* [Task to complete] Nothing in the listing should be altered when it is copied, and no picture goes into the copy.

* [Stored data]
Content starts
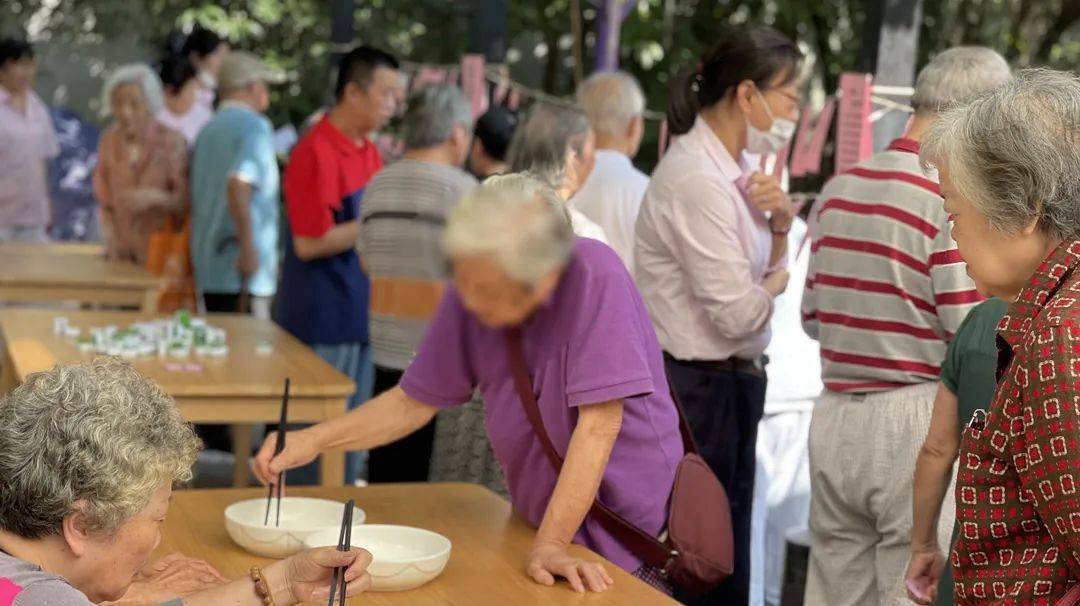 上海長寧協和路1號《綠地金庭莊園幸福裡養老公寓》樓盤動態,項目評測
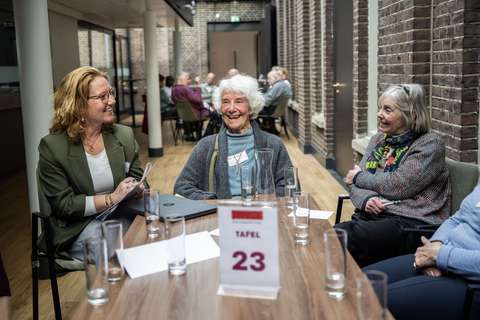 Fijn gesprek aan gesprekstafel | Krachtig ouder worden
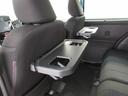 後部座席で飲み物等を収納可能なシートバックテーブルつき♪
Content ends
* [Written solution]
 上海長寧協和路1號《綠地金庭莊園幸福裡養老公寓》樓盤動態,項目評測
 Fijn gesprek aan gesprekstafel | Krachtig ouder worden
 後部座席で飲み物等を収納可能なシートバックテーブルつき♪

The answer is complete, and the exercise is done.